Both Jordan and Dover are avid hip-hop fans. “Hip-hop,” says Jordan, “is a hybrid art form. People look at hip-hop like, it’s only music. But it’s only half music. The other half is poetry, which is a separate discipline.” He believes Andre Benjamin typifies the hip-hop artist who pays attention to both. “I was like I can tell this guy is really invested in both the music and words. He’s a powerful lyricist and poet without music at all. I like Mos Def a lot for the same reason.”
With their vast musical influences, it was interesting to find out which musicians each found particularly affecting. Jordan replies, “The great pipe organ work of Bach. He truly embodies the spirit of what being a musician is about. He looked as music as a science and as an art form. Bach is totally cerebral but also totally emotional. Most people spend their whole artistic careers trying to find that balance.”

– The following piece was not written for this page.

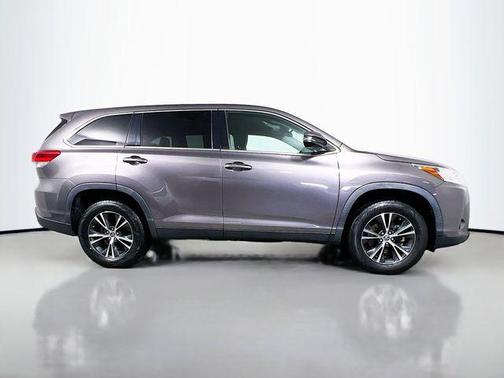 2019 Toyota Highlander LE I4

Jazz clarinetist Eric Dolphy is an understandable favorite for Dover. “Eric Dolphy definitely is a hero of mine for sure,” he enthuses. “He almost single-handedly brought the bass clarinet into kind of the fabric of modern jazz and modern American music. So we are super indebted to him.” He also loves classical composers such as Maurice Ravel and Brahms and points to music by legendary R&B musician Donny Hathaway as having the ability to take him to another plane, spiritually speaking. “Donny Hathaway’s recording of ‘For All We Know.’ Wow! I challenge you to listen to it and not be filled with goosebumps. So many emotions, so much sadness, but also so much joy.”